START SOURCE MATERIAL

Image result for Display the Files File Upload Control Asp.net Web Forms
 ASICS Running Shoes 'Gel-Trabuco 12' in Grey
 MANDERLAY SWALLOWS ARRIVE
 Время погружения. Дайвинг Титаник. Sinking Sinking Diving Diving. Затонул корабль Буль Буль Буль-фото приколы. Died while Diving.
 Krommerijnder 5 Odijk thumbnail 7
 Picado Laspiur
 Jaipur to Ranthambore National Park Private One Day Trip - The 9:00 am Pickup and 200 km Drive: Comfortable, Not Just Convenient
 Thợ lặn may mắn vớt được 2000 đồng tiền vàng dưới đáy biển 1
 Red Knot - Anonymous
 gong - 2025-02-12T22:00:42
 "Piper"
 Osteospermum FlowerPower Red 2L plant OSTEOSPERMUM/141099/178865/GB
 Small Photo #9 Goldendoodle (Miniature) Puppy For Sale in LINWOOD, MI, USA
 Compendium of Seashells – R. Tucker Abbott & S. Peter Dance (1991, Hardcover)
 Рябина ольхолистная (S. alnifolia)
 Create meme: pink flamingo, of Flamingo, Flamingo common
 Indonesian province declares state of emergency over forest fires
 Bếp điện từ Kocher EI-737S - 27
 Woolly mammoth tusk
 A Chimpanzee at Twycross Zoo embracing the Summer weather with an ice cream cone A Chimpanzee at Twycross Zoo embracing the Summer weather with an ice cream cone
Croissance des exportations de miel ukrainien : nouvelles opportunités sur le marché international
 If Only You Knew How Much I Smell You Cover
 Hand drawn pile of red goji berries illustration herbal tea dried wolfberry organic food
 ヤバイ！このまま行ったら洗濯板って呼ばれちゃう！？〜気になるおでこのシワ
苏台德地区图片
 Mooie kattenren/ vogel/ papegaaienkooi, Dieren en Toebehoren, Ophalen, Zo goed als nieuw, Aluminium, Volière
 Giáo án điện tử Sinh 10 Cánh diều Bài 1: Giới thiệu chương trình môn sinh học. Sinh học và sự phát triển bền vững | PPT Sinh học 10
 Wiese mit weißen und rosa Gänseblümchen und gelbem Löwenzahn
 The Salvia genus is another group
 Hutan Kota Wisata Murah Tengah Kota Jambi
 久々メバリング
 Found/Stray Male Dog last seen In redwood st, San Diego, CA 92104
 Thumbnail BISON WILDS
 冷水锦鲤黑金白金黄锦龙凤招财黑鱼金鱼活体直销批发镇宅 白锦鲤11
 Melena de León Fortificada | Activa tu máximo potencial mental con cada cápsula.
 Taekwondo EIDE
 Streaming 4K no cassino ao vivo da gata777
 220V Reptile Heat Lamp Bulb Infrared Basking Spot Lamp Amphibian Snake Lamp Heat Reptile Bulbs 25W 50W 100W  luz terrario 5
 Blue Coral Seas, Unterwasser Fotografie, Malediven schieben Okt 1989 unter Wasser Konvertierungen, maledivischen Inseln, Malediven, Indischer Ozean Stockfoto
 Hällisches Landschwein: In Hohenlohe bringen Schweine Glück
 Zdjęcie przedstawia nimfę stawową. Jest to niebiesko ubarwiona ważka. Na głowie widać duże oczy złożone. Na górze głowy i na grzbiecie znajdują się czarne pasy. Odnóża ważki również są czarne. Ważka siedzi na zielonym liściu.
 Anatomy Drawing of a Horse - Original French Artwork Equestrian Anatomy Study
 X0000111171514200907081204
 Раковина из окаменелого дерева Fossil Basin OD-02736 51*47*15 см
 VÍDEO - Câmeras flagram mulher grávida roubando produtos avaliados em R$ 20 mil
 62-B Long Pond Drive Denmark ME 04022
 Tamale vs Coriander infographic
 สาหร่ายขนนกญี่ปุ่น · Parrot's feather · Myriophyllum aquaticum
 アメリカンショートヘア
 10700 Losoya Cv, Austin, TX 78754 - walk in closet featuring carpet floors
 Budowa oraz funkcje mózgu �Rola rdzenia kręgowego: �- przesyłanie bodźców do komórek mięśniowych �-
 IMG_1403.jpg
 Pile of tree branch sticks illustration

END SOURCE MATERIAL

EXERCISE GOAL =
A single figure, the number of lines above with the word "điện", is the whole answer.

ANSWER =
2